Whether you think Michael McDonald was an excellent addition to the Doobie Brothers matters not as this article is about a different sort of Takin’ it to the Streets, one where our skills and services are proudly put on display in an effort to get a Bantam out on the road again and visible to the everyday enthusiast. However, before we can get rolling this entry will give you a perspective of what our locating services entail so you can see how we have gotten where we are.
Over the past four years, I have been detailing our in-house project, the Bantam “Sportsman”. In doing so, I have had the opportunity to share some important details regarding Bantams and have been inspired to begin assembling a photographic parts guide. However, one thing has been sorely lacking, the shop and I haven’t had an actual running driving Bantam. How can a guy without a Bantam really dole out the advice you need to keep yours going or to help you figure out if you may even enjoy it? For advice and mechanical services, I usually like to refer you to the real experts (there are some fantastic people who I almost always defer to on certain subjects). In explaining what the cars are like, I always admit that much of my information comes from listening to others and through observation.
Although I’ve wanted a running Bantam for a while, and for a brief period had a running Austin, the urgency of the hunt became more apparent as this site has continued to grow. More often then not, I have found myself looking at project cars which would need a tremendous amount of work to get on the road. So, as an in-house project, I began the locating process for a 1940 American Bantam Hollywood or Convertible Coupe in near running condition. I established a budget which I was willing to spend and how much work would be acceptable to take on; as well as how far I would be willing to travel to buy the car.
As you may have seen, our locating services begin with an annual fee; helping to illustrate that the perfect car may not come available in the same week you are looking. This keeps me on the trail for an entire year, seeking out that perfect match; if it’s out there. I set out to work looking for the car; including calling old lead, past owners, current owners, dealers, and began scouring every imaginable classified. Late one night in September 2016, I spotted an ad for a Hollywood on a social media site dated May 27, 2010. On a lark, I messaged the seller. Here are the photos I poured over while I waited for the seller to reply.
Three months later, I found out the car was still for sale. It was restored about 30 years ago by the same man who restored a 1930 American Austin Coupe which I previously owned for a while. The car was far away, but not too far away; it was about a four hour drive. The owner did not want to discuss the price until I had the chance to look at the car in person, in order to make sure that I knew exactly what the car was.

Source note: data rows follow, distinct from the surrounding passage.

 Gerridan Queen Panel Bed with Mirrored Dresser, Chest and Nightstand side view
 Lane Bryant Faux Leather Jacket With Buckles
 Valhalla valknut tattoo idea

In February, we took a drive down to look at it. It was nice, an older restoration and apparently an AACA Junior Winner in the 1980’s. Was it 100% correct? No. However, it ran nicely and the owner took me for a pleasant drive in it. Amazingly, it is a numbers matching car and it retained about 97% of it original parts. I really got the chance to crawl around the car and use my learned knowledge about 1940 Bantams to help identify what aspects were correct and what I’d need to take care of in the future. At the time, the seller wasn’t sure what had been done to the engine in the past, so I was a bit leary of trusting the engine as being a perfect unit. Too far apart on the price, we parted ways and each said we’d think about it to see if we could come up with a price that would work for both of us.

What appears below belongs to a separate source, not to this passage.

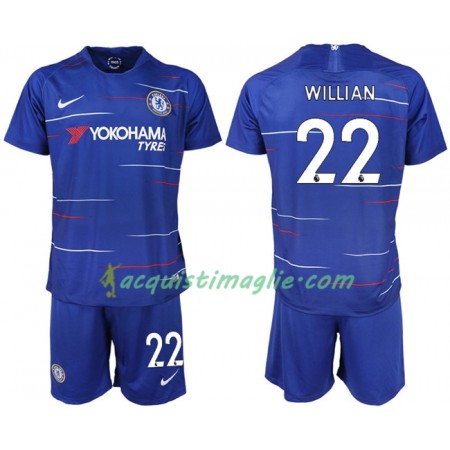 Divisa di Calcio Chelsea WILLIAN 22 Bambino Prima 2018/2019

Months later, after pouring over the photos, the car was still available and I decided that it was the one. The seller and I came up with a deal. We headed down with a U-haul trailer and some tie down straps. The seller had it charged up and waiting for me. After some quick loading and exchanging of paperwork, a 1940 Hollywood was finally on its way back to New York to represent TrustInRust.com and to help me get a bit more hands on experience with these fantastic machines.

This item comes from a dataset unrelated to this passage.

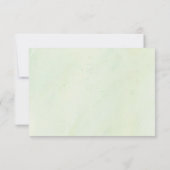 UAWG Modern Simple Watercolor Wüste Cactus floral RSVP Karte (Rückseite)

Here’s a photo to give you an idea of the car’s size relative to ordinary vehicles:
It took a bit less than a year, but persistence paid off. The plan for this car is to get it running, keep it tuned up, make it into a dependable driver, and try out some of our reproductions on it. In the future, you can look for this at club meets, local cruise nights, and other shows. In getting it going and keeping it going, be sure to keep checking back for entries on the topic. These will be blog entries on actually piloting a Bantam and not just building it or appreciating it. I hope this will be helpful.
The shop project Sportsman will continue to provide information regarding a full restoration of a Bantam and inspiration for creating detailed parts guides. However, this car will hopefully encourage you to either get one or to get yours on the road. So, besides our services, I hope to take this Special 4 to the streets and see what it can do. Care to join along for the ride?